Consider Adams Golf (ADGF), a designer and distributor of golf clubs. Two days ago, the company reported the settlement of an old claim; the company will be out $5 million as a result. For a company with a market cap of just $19 million, this is a material cash outflow. But for investors, this should come as no surprise. A careful reading of the company's previous notes to its financial statements would have revealed, among other things, the following:
1) The company was insured for exactly this type of infraction for up to $50 million
2) One of the insurers, which was to cover $5 million of the $50 million, claimed a breach of contract and was unwilling to pay
When we previously discussed this stock as a potential value investment two months ago, an astute commenter raised the subject of this lawsuit. The answer a few comments later was that in all likelihood the lawsuit would cost the company $5 million.
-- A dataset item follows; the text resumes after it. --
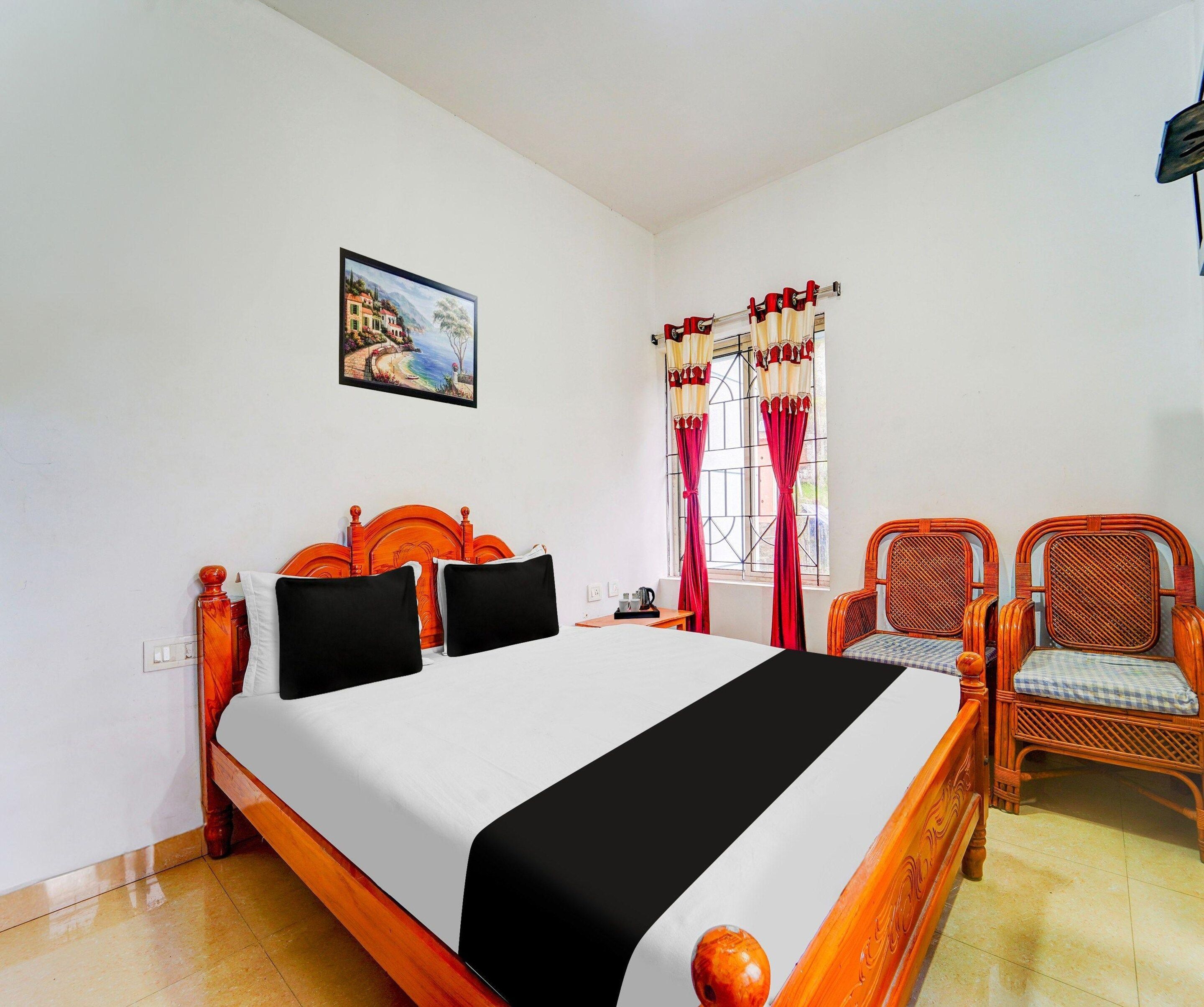 Un dormitorio con cama, una silla, un cuadro y una ventana con cortinas.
As such, the company's disclosure two days ago that it would take a $5 million charge to settle this lawsuit came as no surprise. By factoring in this cost before it was even recognized by the company, a more educated decision could be made by the investor as to whether the company was indeed undervalued.
Of course, surprises are still going to occur. Not every event, legal or otherwise, can be foreseen. But by doing their research (by reading the company's disclosures and its notes to the financial statements), investors can minimize risk and reduce uncertainty. In doing so, they can improve their accuracy in determining a company's value.